### Records provided
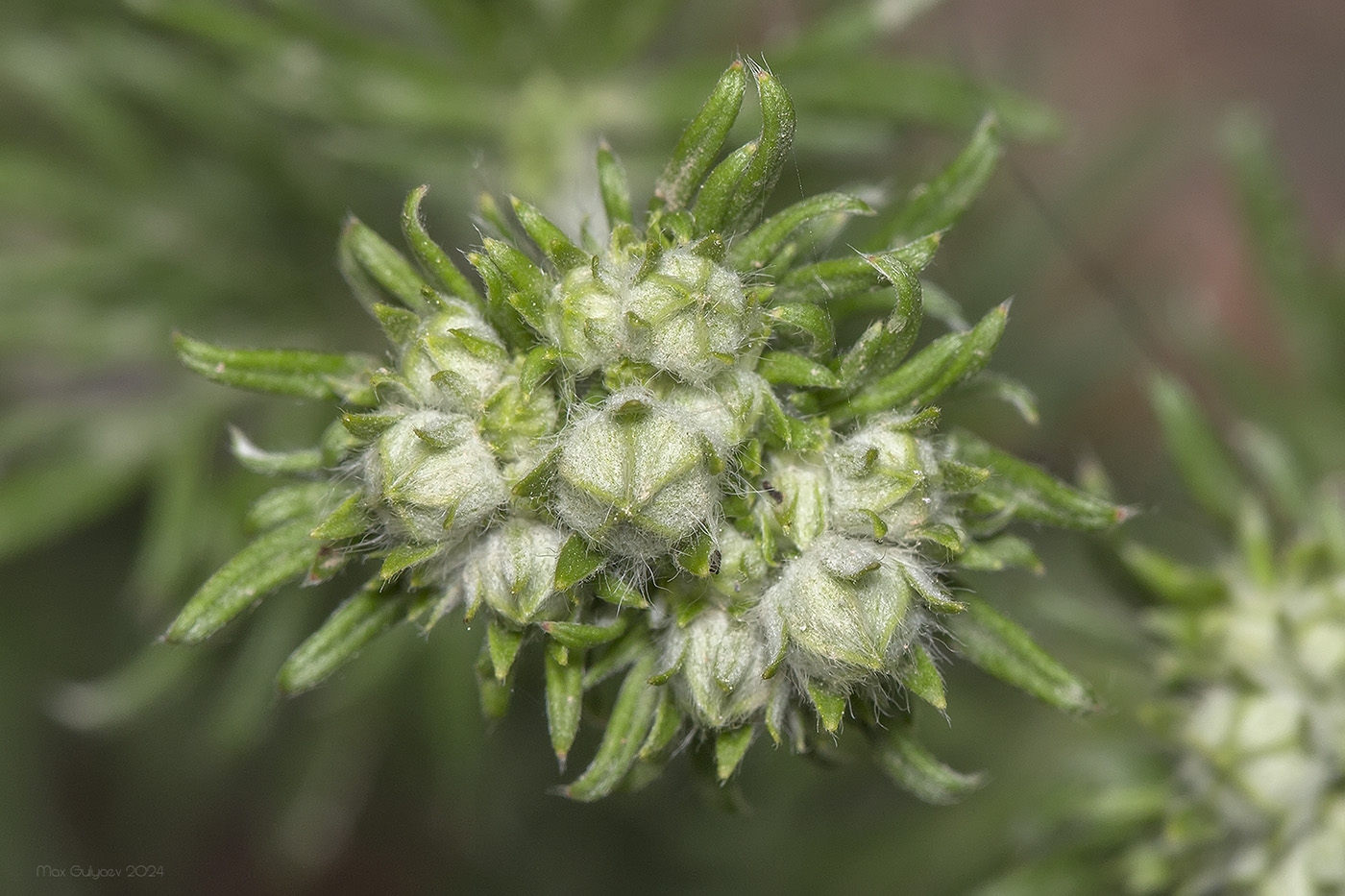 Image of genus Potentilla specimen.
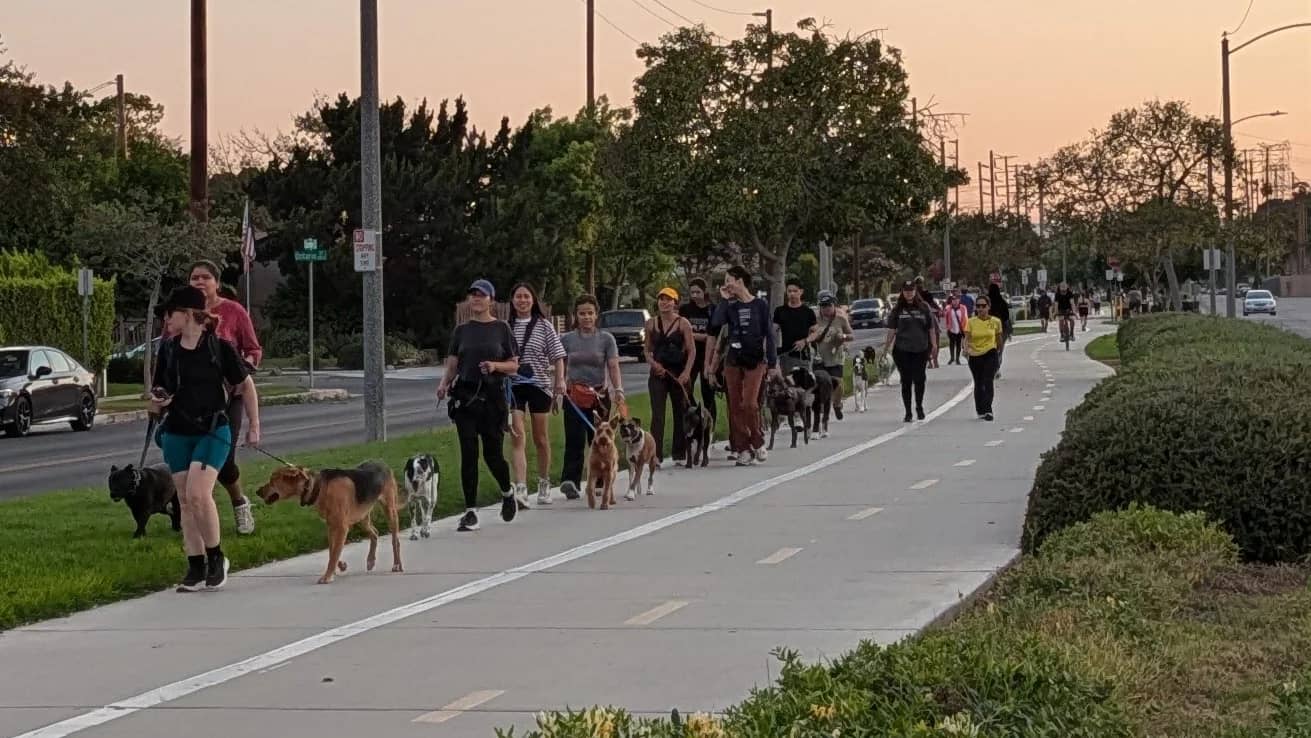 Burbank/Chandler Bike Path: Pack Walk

---

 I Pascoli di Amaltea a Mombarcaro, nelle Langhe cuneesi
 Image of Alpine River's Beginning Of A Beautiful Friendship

### What to produce
Restate the lines above from the one containing "Image of genus Potentilla specimen." through the one containing "Burbank/Chandler Bike Path: Pack Walk", inclusive, exactly and without pictures.

### Response for this exercise
 Image of genus Potentilla specimen.
 Burbank/Chandler Bike Path: Pack Walk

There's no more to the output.